◆ EXERCISE DESCRIPTION: Every line of the listing below should be written out exactly, minus its images.

◆ RAW DATA:
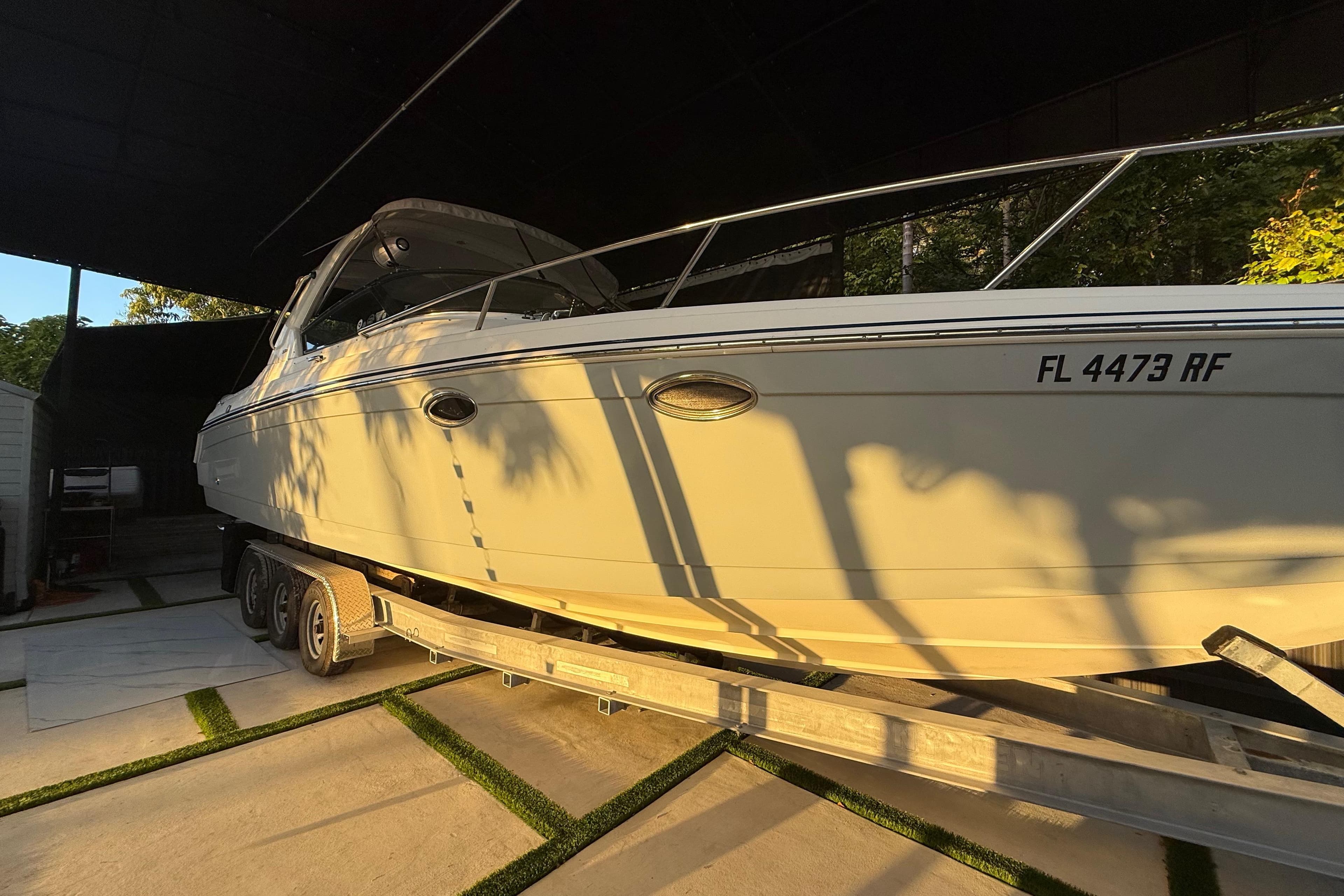 2005 Formula 330 Sun Sport boat on trailer, parked in shaded area.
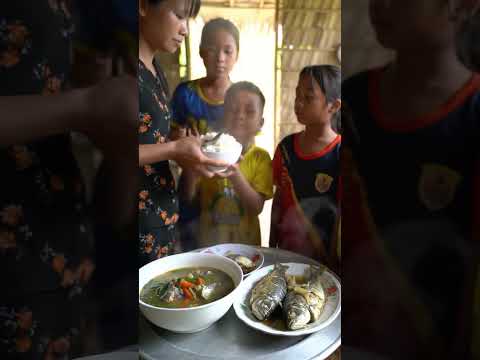Trẻ em ngồi chờ mẹ bưng cơm ra, mâm cơm có bát canh chua, đĩa cá kho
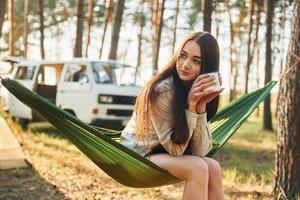 sitzt auf der Hängematte. Frau ist im Sommer tagsüber allein im Wald unterwegs foto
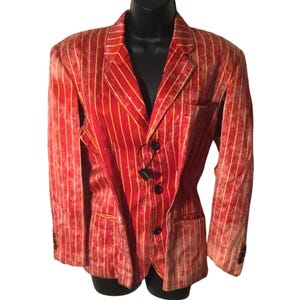 Op de afbeelding: Een rode blazer met gele verticale strepen. De blazer heeft drie zwarte knopen en een revers met inkeping. De stof heeft een getextureerde uitstraling. De blazer wordt gepresenteerd op een zwarte mannequin.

◆ SOLUTION FOR THIS TASK:
 2005 Formula 330 Sun Sport boat on trailer, parked in shaded area.
Trẻ em ngồi chờ mẹ bưng cơm ra, mâm cơm có bát canh chua, đĩa cá kho
 sitzt auf der Hängematte. Frau ist im Sommer tagsüber allein im Wald unterwegs foto
 Op de afbeelding: Een rode blazer met gele verticale strepen. De blazer heeft drie zwarte knopen en een revers met inkeping. De stof heeft een getextureerde uitstraling. De blazer wordt gepresenteerd op een zwarte mannequin.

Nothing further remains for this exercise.